Do total de 23.752 cabeças de gado que deixaram a propriedade entre 2020 e o início de 2023, 65% foram enviados à FriGol, enquanto outros 12%, para a JBS. Pela análise das GTAs no período, só é possível identificar o transporte de animais até abril de 2023. Entretanto, segundo informações publicadas pela JBS de seus fornecedores diretos, a empresa seguiu comprando gado de uma propriedade com o mesmo nome até setembro de 2023.
Em resposta à Agência Pública, a FriGol afirmou que “a sustentabilidade está no centro de sua estratégia de negócios e reitera que não tolera qualquer tipo de desrespeito às comunidades indígenas, ao meio ambiente e à legislação nacional”. A empresa confirmou ter comprado gado do Sítio 2 Irmãs entre 2020 e 2023, mas disse que, “antes de cada aquisição, o pecuarista e a propriedade passaram pelos critérios do protocolo de monitoramento de fornecedores diretos e não houve irregularidades detectadas”.
A companhia ressalta que sua avaliação utiliza critérios além dos já estabelecidos no Protocolo de Monitoramento dos Fornecedores de Gado na Amazônia, do qual é signatária. A partir dessa análise, segundo a companhia, não foram encontradas razões para bloquear o Sítio 2 Irmãs como fornecedora.
A empresa diz defender que a única forma para acabar com o desmatamento indireto na cadeia de produção é o monitoramento individual de animais. “Hoje existem algumas iniciativas privadas de monitorar individualmente animais via colocação de brincos. A FriGol, inclusive, já é participante e abate animais monitorados individualmente, via Protocolo Primi [em que cada animal recebe uma numeração única e individual]”, afirma.

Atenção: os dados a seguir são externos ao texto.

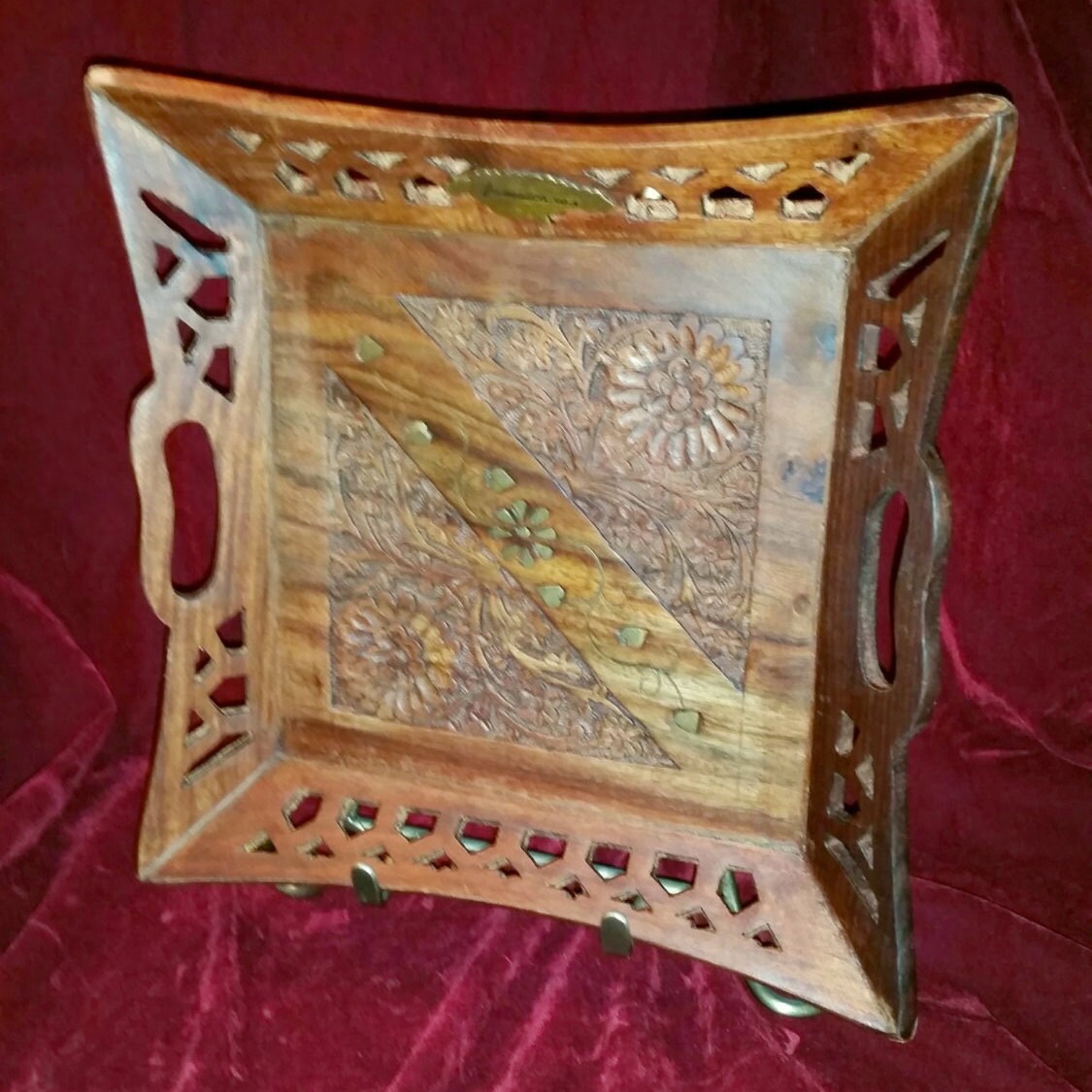 Hand Carved Brass Inlaid Wood Serving Tray with Handles Haute Juice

Em nota enviada à Pública, a JBS afirma que bloqueou a empresa. “As compras feitas até então estavam em conformidade com o Protocolo Boi na Linha, elaborado pelo MPF e pela ONG Imaflora, e com as normas da Política de Compras de Matéria-Prima da Companhia”, disse.
Falta monitoramento e vontade política
Em entrevista à Pública, o coordenador de políticas de commodities da EIA, Rick Jacobsen, afirmou que o levantamento evidencia a necessidade de que todas as cadeias de fornecimento indiretas também precisam ser monitoradas.
“Entendemos que a maior parte do gado associado ao desmatamento ou à pecuária ilegal não é vendida diretamente aos grandes frigoríficos, mas indiretamente. Portanto, um sistema que se concentra só nos fornecedores diretos, não apenas não aborda o problema, mas também mostra aos fazendeiros como eles podem facilmente evitar o monitoramento simplesmente colocando camadas na cadeia de suprimentos entre a pecuária ilegal e o abatedouro”, declarou.
Jacobsen afirma ainda que, além de reforçar a aplicação das leis ambientais, o governo brasileiro também precisa instituir um sistema nacional de rastreabilidade, como já adotado, por exemplo, na União Europeia. Ele reconhece, no entanto, a dificuldade de que isso seja colocado em prática por questões políticas.
“Não acho que existam desafios técnicos ou de custo que sejam impeditivos. Outros países mostraram que é possível ter esse tipo de sistema de rastreabilidade em vigor no setor pecuário. Acho que o problema é que muitas pessoas do setor não querem o sistema, especialmente aquelas que se beneficiam da pecuária ilegal”, pontuou.